Officials tally paper ballots for Senate race
About two days after polls closed, Washington County officials finished counting Democratic primary ballots in the race for U.S. Senate.
County Elections Director Larry Spahr said officials finished tallying paper ballots Thursday afternoon, with former state Environmental Secretary Katie McGinty garnering a plurality of votes in the county, mirroring the outcome of the overall race.
She will face Republican Sen. Pat Toomey of Lehigh Valley in November.
A total of 27,681 paper ballots were cast in the county.
Democratic voters received paper ballots for the Senate primary after a state Supreme Court decision reversing a lower court’s decision to strike candidate Joseph Vodvarka’s name from the ballot.
Elections officials opted to give voters printed ballots because they said there was not time to update the county’s 750 electronic voting machines and test them for accuracy. Washington was the only county in Pennsylvania that took that route. Other counties that had removed Vodvarka’s name from the ballot asked voters who wanted to cast a ballot for him to write in his name.
McGinty, of Chester County, received 11,030 votes in the county – about 40 percent of the total.
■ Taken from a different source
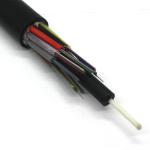 Frp 24 36 48 96 144 Core Fiber Optic Cable Gyfty Outdoor Single Mode G652d Fibre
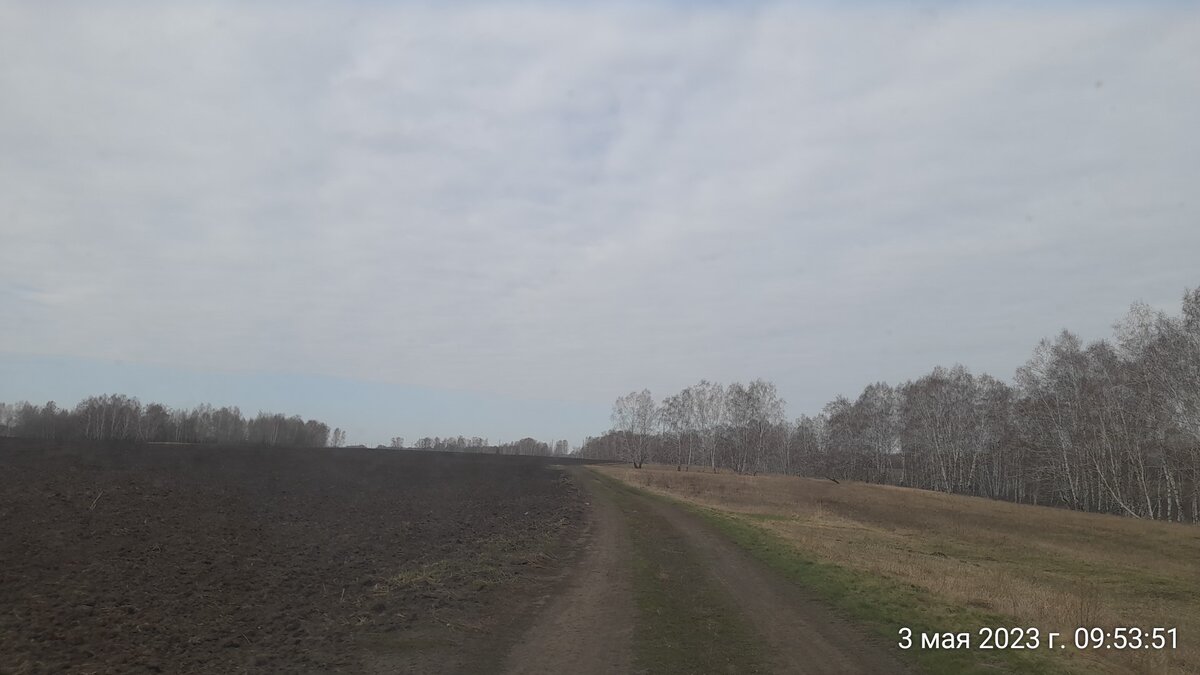 поля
Braddock Mayor John Fetterman came in second, with 7,452, or about 27 percent.
Retired Navy Admiral Joe Sestak came in third, with 5,522, or about 20 percent. Vodvarka, a retiree from the Pittsburgh area, was in a distant fourth, receiving 1,861 votes, or about 7 percent.
Elections officials plan to begin counting absentee ballots for the 46th Legislative District this morning. Joseph Szpara has a 102-vote lead over Jesse White in the race for the Democratic nomination for state reprentative with about 175 ballots to be counted.